● Your task: Leaving out all pictures, transcribe the lines below exactly, from the first through the line containing "on Twitter photo".

● Data to use:
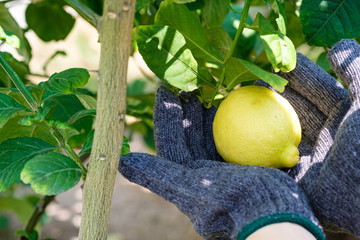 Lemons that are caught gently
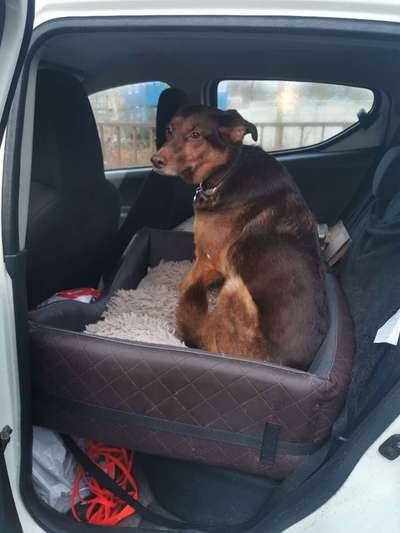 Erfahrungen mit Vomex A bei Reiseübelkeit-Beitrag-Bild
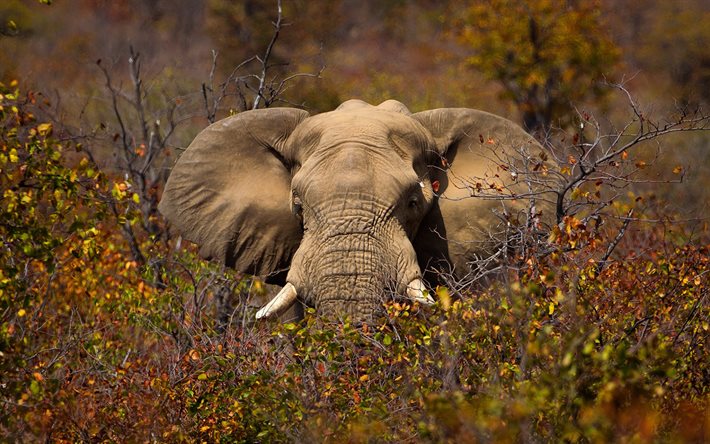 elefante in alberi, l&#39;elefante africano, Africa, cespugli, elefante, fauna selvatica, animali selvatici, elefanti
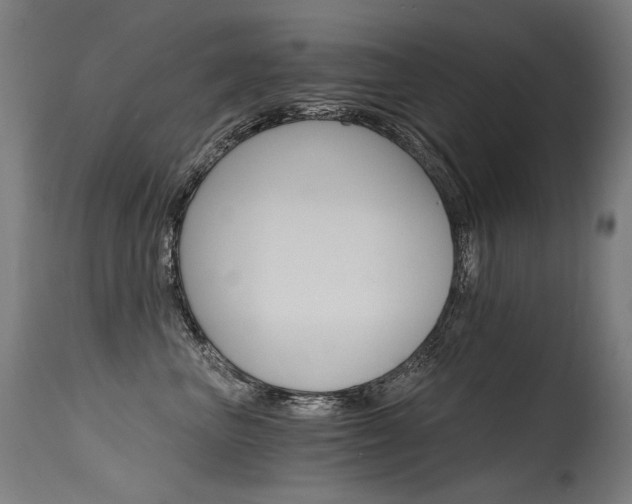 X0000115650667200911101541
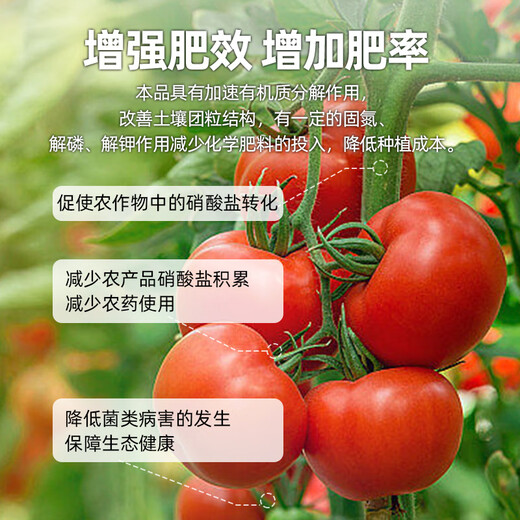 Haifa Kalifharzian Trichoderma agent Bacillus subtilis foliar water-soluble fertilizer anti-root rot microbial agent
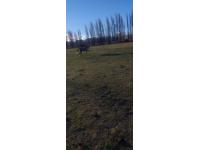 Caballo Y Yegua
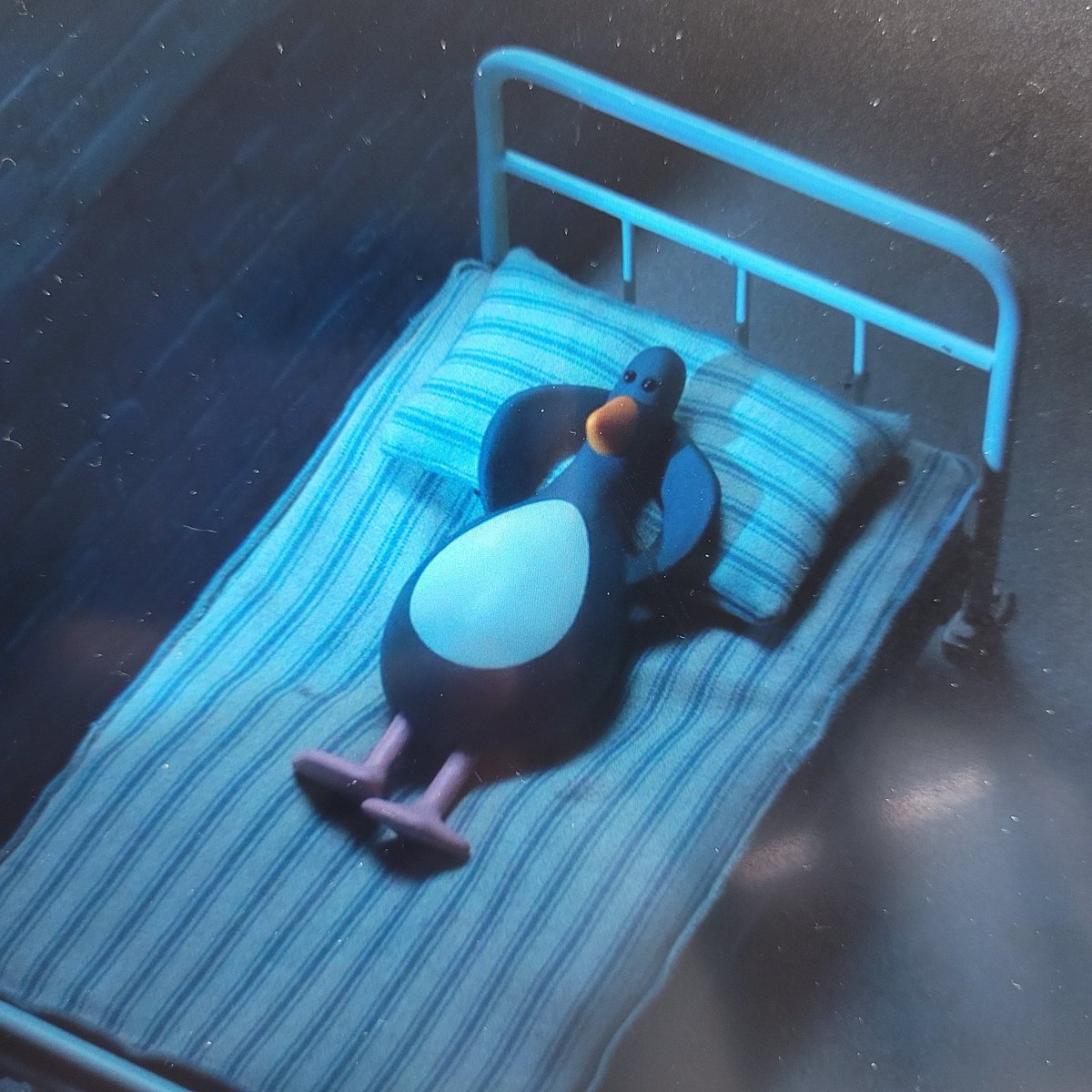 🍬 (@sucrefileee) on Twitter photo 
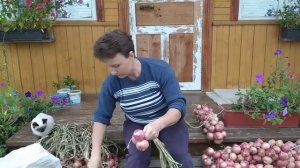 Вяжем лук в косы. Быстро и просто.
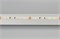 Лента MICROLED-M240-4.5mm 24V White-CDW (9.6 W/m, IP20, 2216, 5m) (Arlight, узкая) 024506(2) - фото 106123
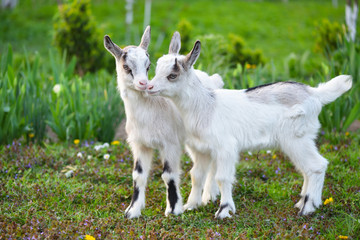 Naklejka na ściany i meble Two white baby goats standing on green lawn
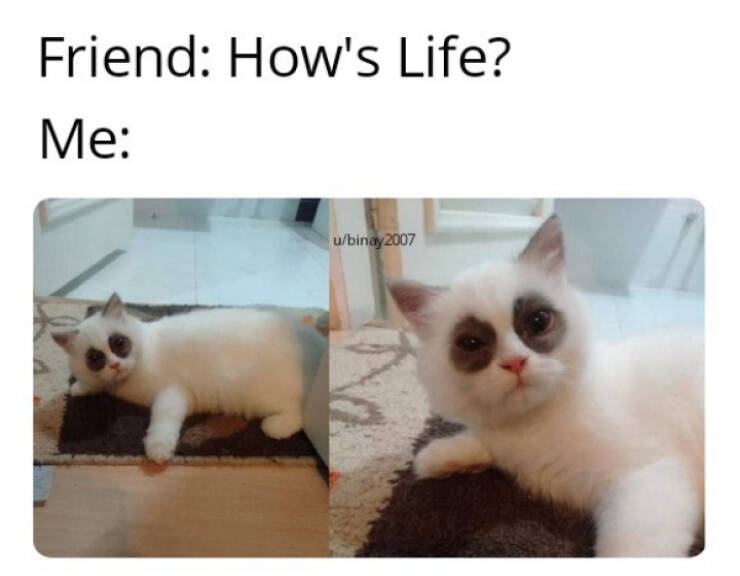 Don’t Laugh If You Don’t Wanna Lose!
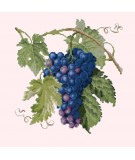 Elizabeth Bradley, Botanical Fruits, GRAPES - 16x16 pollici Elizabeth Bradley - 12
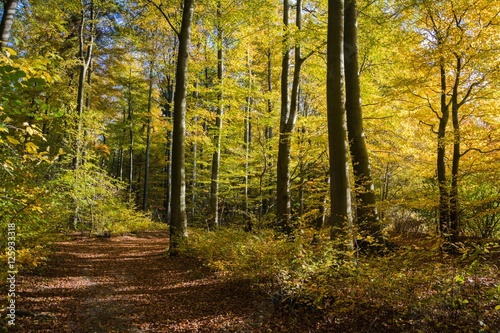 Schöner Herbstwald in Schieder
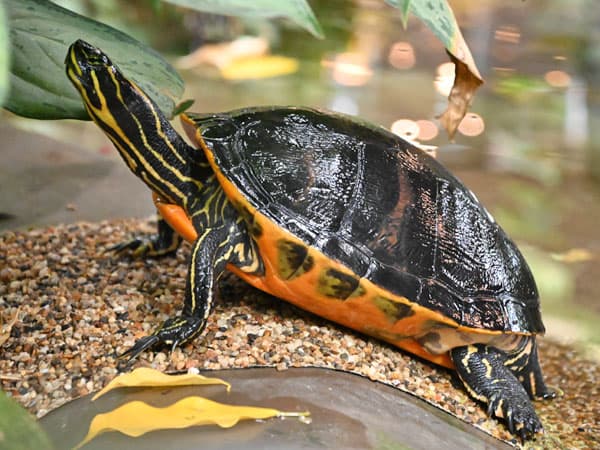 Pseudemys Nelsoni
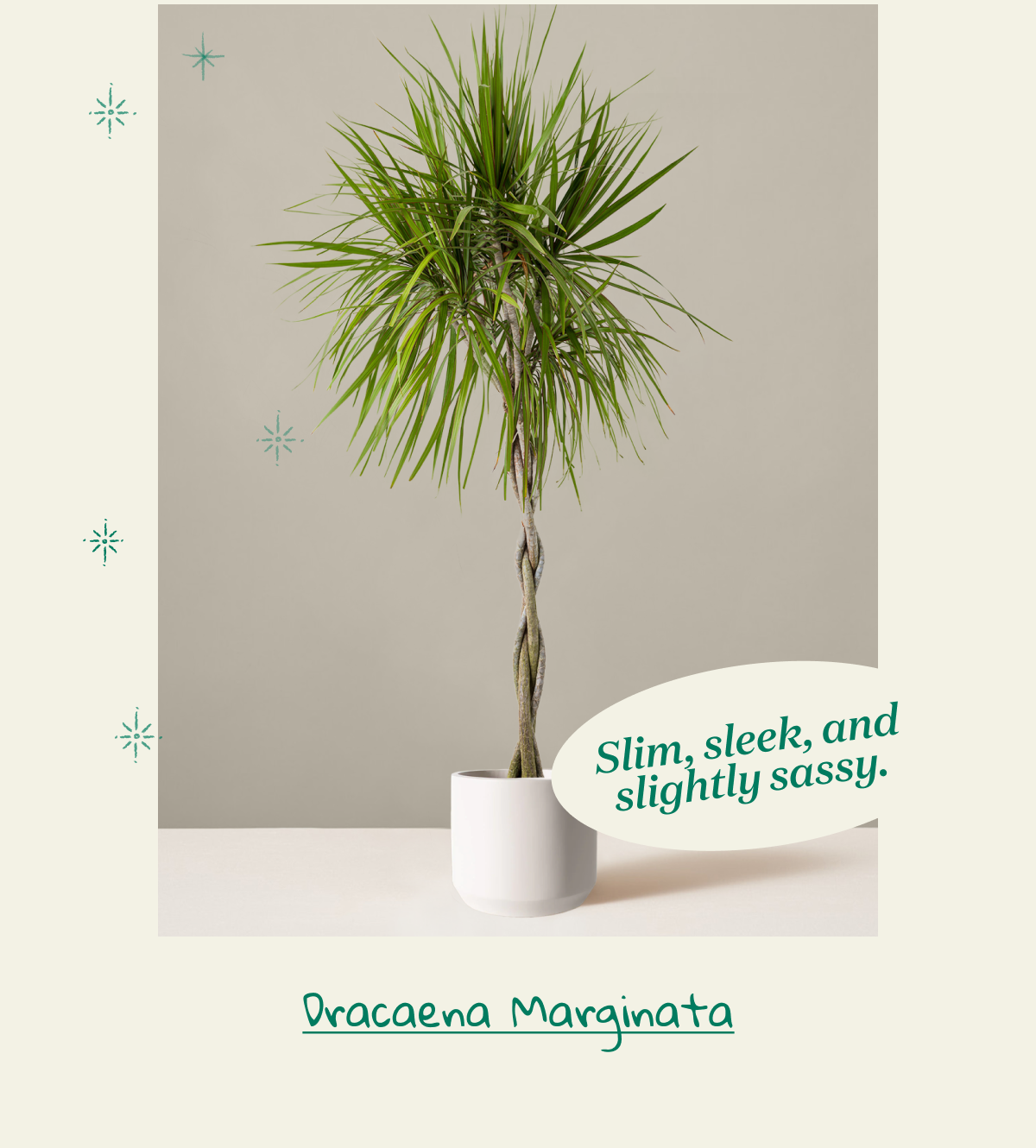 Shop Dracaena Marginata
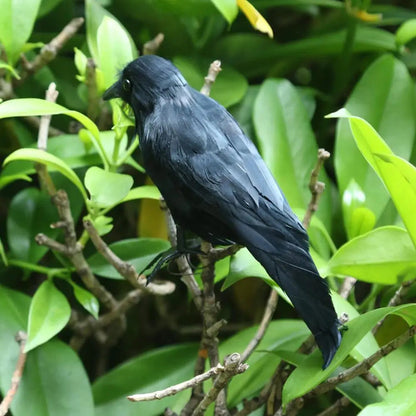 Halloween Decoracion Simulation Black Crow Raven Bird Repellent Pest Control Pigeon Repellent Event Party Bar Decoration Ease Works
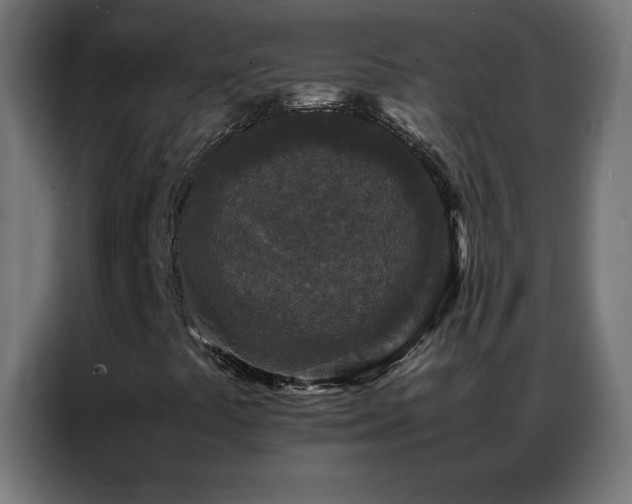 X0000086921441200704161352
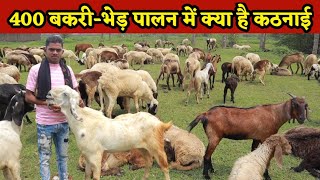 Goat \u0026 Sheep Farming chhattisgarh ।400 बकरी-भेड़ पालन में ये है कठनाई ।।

● Answer space:
 Lemons that are caught gently
 Erfahrungen mit Vomex A bei Reiseübelkeit-Beitrag-Bild
 elefante in alberi, l&#39;elefante africano, Africa, cespugli, elefante, fauna selvatica, animali selvatici, elefanti
 X0000115650667200911101541
 Haifa Kalifharzian Trichoderma agent Bacillus subtilis foliar water-soluble fertilizer anti-root rot microbial agent
 Caballo Y Yegua
 🍬 (@sucrefileee) on Twitter photo 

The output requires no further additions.